====== DATASET CONTENT

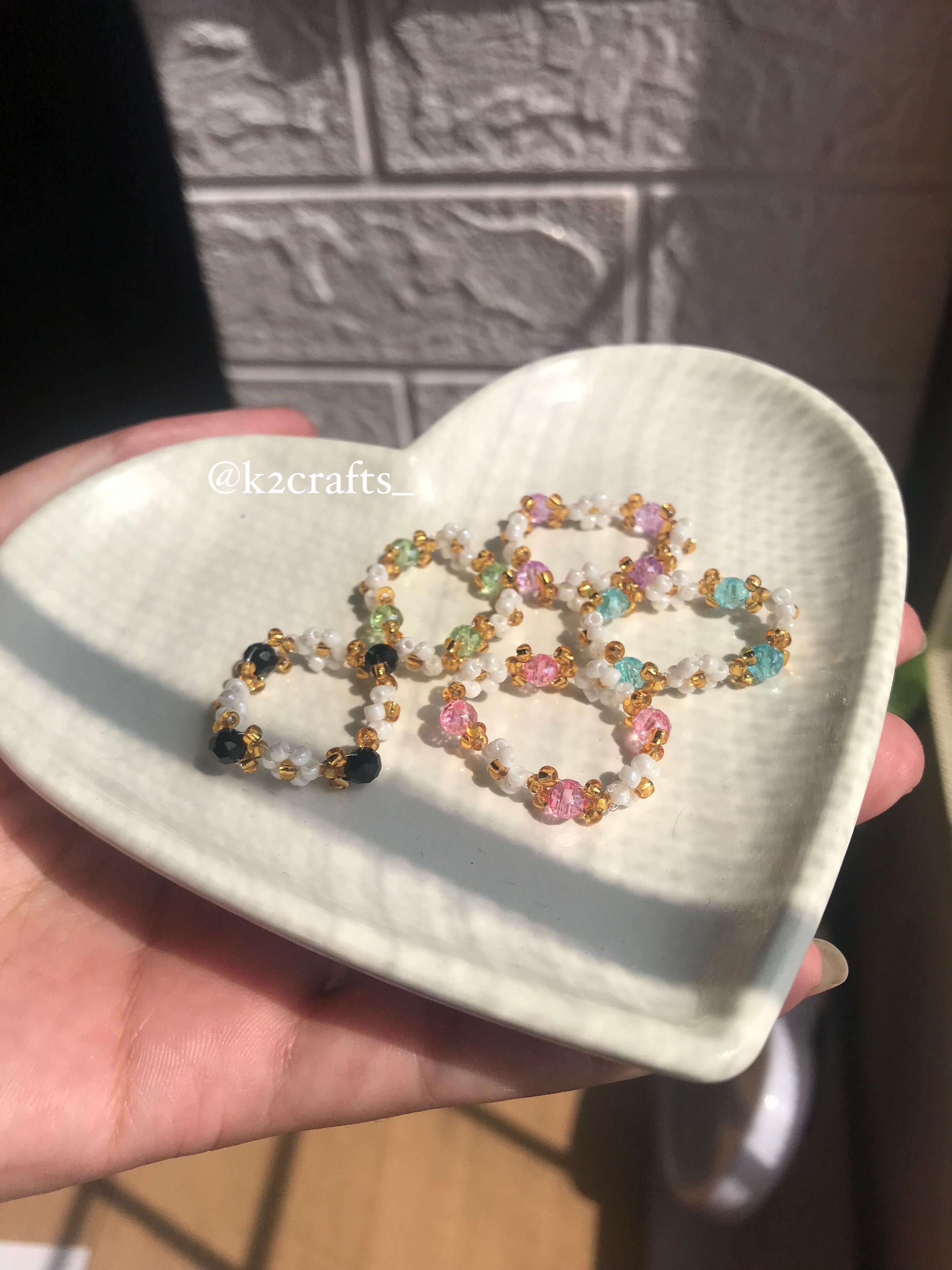 Set of 5 Daisy Rings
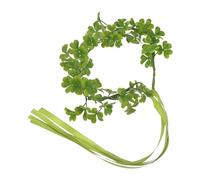 LALAFINA Cerchietto Accessorio Delicato e Resistente Trifoglio Verde per Chioma in Plastica e Resina per San Patrizio per Feste e Riunioni di Famiglia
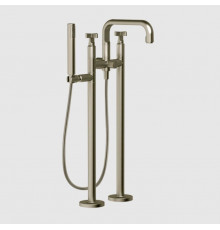 Смеситель для ванны и душа, Gessi, Inciso, напольный, цвет-Finox Brushed Nickel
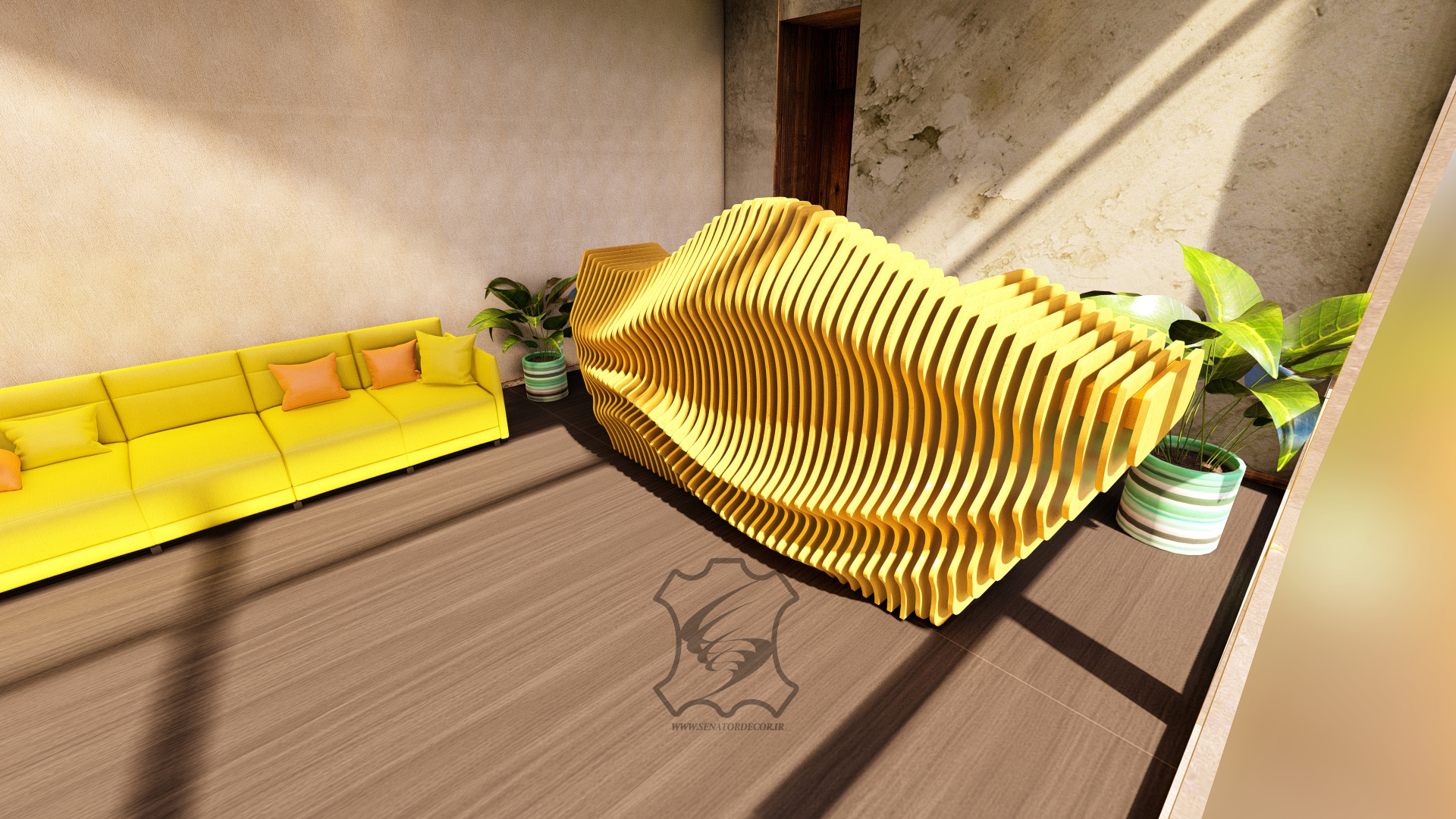 میز کانتر پارامتریک- parametric-reception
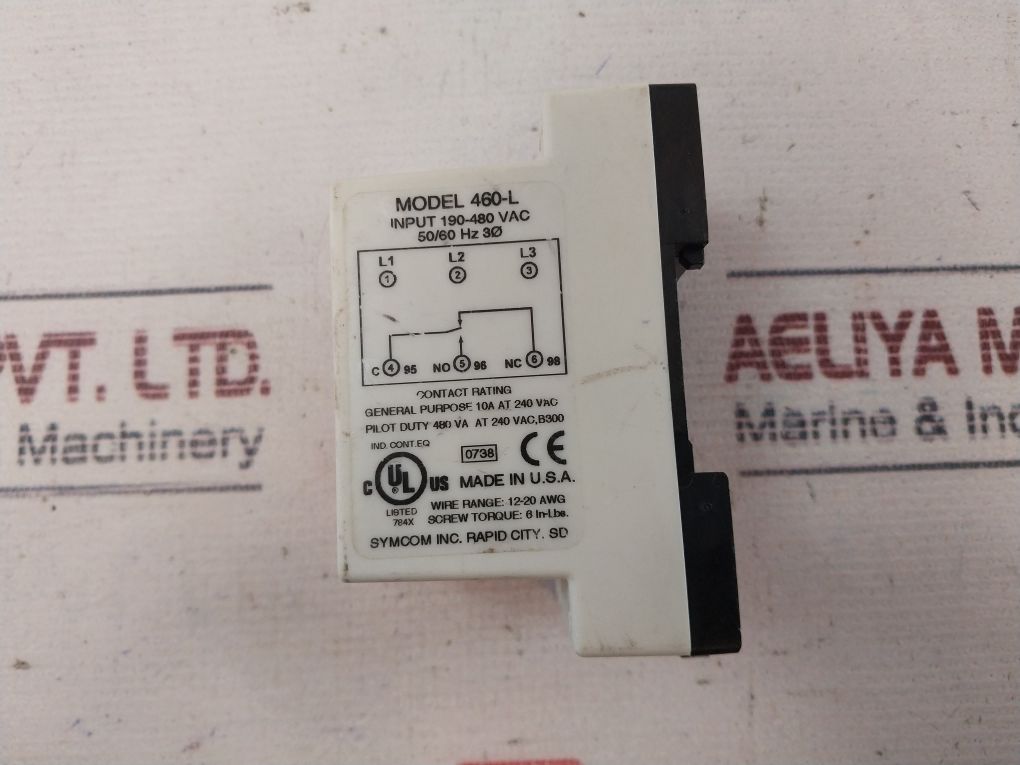 Symcom 460-l Three Phase & Voltage Monitoring Relay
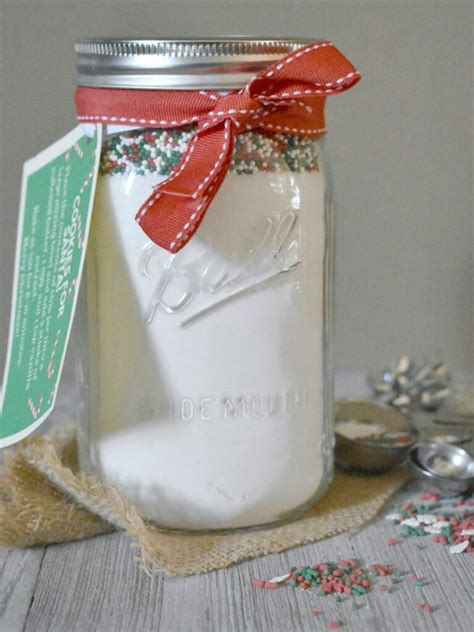Festive Sugar Cookie Mix In A Jar With Free Printable Tag Cooking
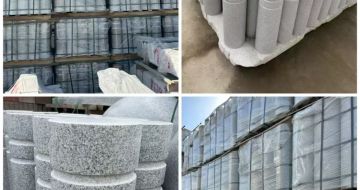 阳泉 芝麻白花岗岩挡车柱、隔离柱多少钱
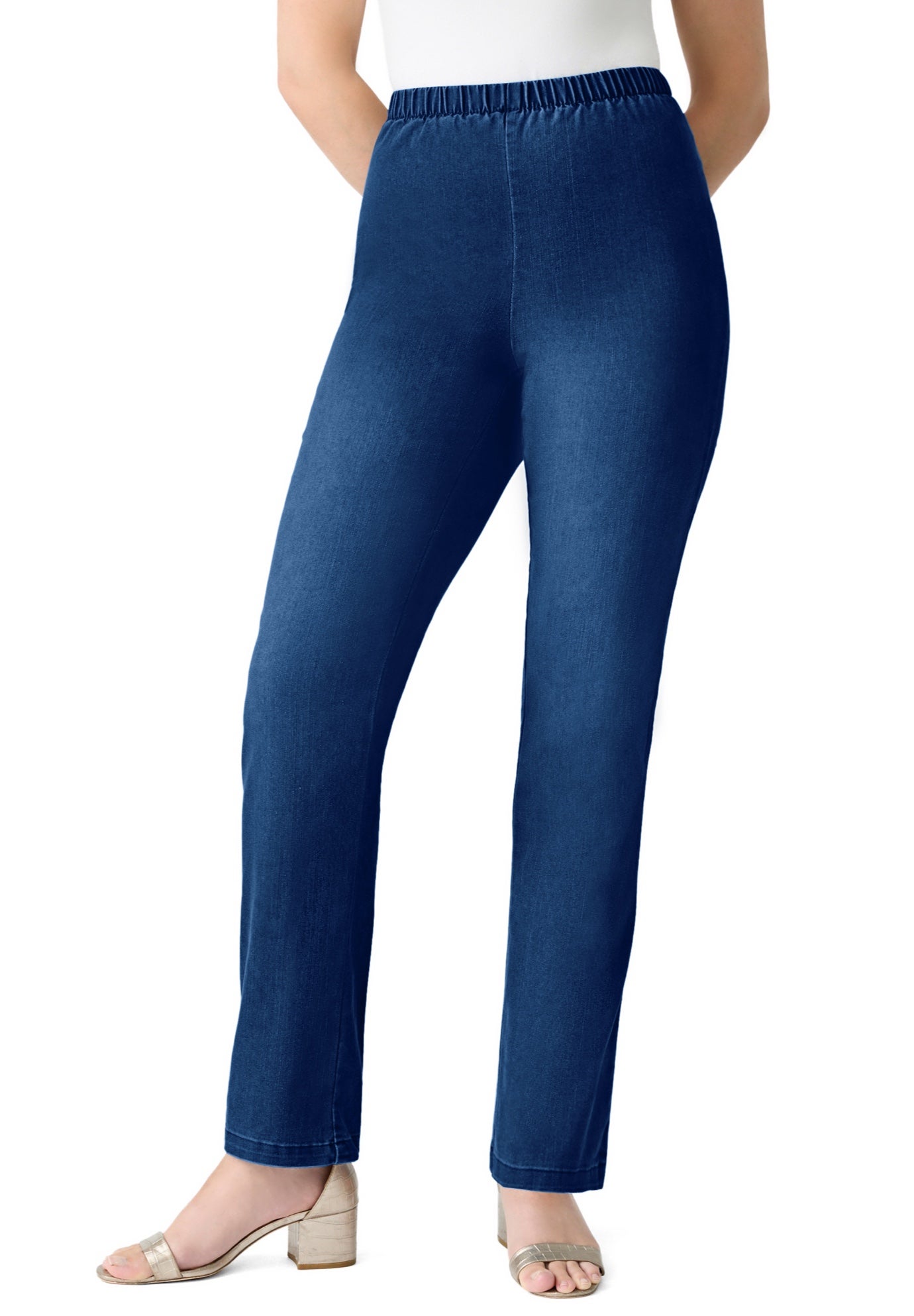 Plus Size Comfort Stretch Straight Leg Jean image number 3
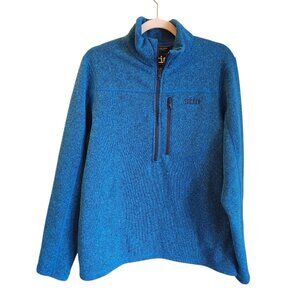 Stio Jacket Men's Medium Blue Wilcox Fleece Half 1/2 Zip Pocket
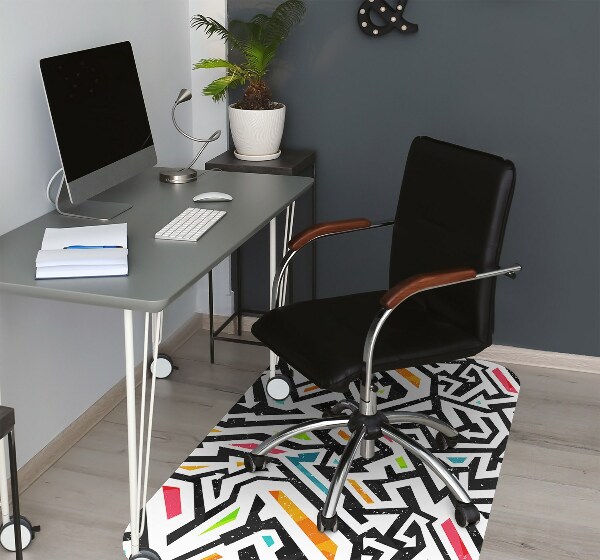 Alfombra silla ordenador Pintada
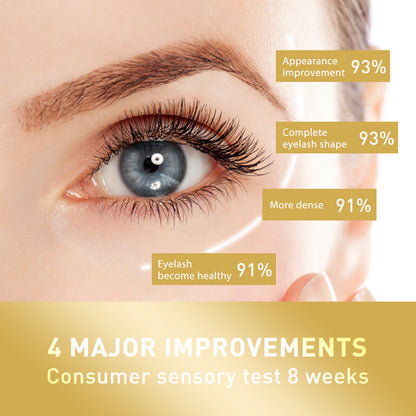 Eyelash Serum: Gentle, Nourishing For Longer, Thicker, Darker Lashes - Enhances Curl & Strength
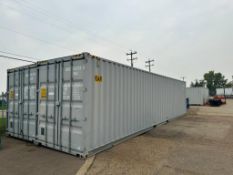 2010 40 Ft. High Cube Sea Container w. Double Ended Doors
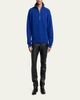 TOM FORD Men's Cashmere and Wool Raglan Sleeve Half-Zip Sweater - 2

============

-- EXERCISE GOAL --
Write out all the entries word for word, but skip any images.

-- THE COMPLETED TASK --
 Set of 5 Daisy Rings
 LALAFINA Cerchietto Accessorio Delicato e Resistente Trifoglio Verde per Chioma in Plastica e Resina per San Patrizio per Feste e Riunioni di Famiglia
 Смеситель для ванны и душа, Gessi, Inciso, напольный, цвет-Finox Brushed Nickel
 میز کانتر پارامتریک- parametric-reception
 Symcom 460-l Three Phase & Voltage Monitoring Relay
Festive Sugar Cookie Mix In A Jar With Free Printable Tag Cooking
 阳泉 芝麻白花岗岩挡车柱、隔离柱多少钱
 Plus Size Comfort Stretch Straight Leg Jean image number 3
 Stio Jacket Men's Medium Blue Wilcox Fleece Half 1/2 Zip Pocket
 Alfombra silla ordenador Pintada
 Eyelash Serum: Gentle, Nourishing For Longer, Thicker, Darker Lashes - Enhances Curl & Strength
 2010 40 Ft. High Cube Sea Container w. Double Ended Doors
 TOM FORD Men's Cashmere and Wool Raglan Sleeve Half-Zip Sweater - 2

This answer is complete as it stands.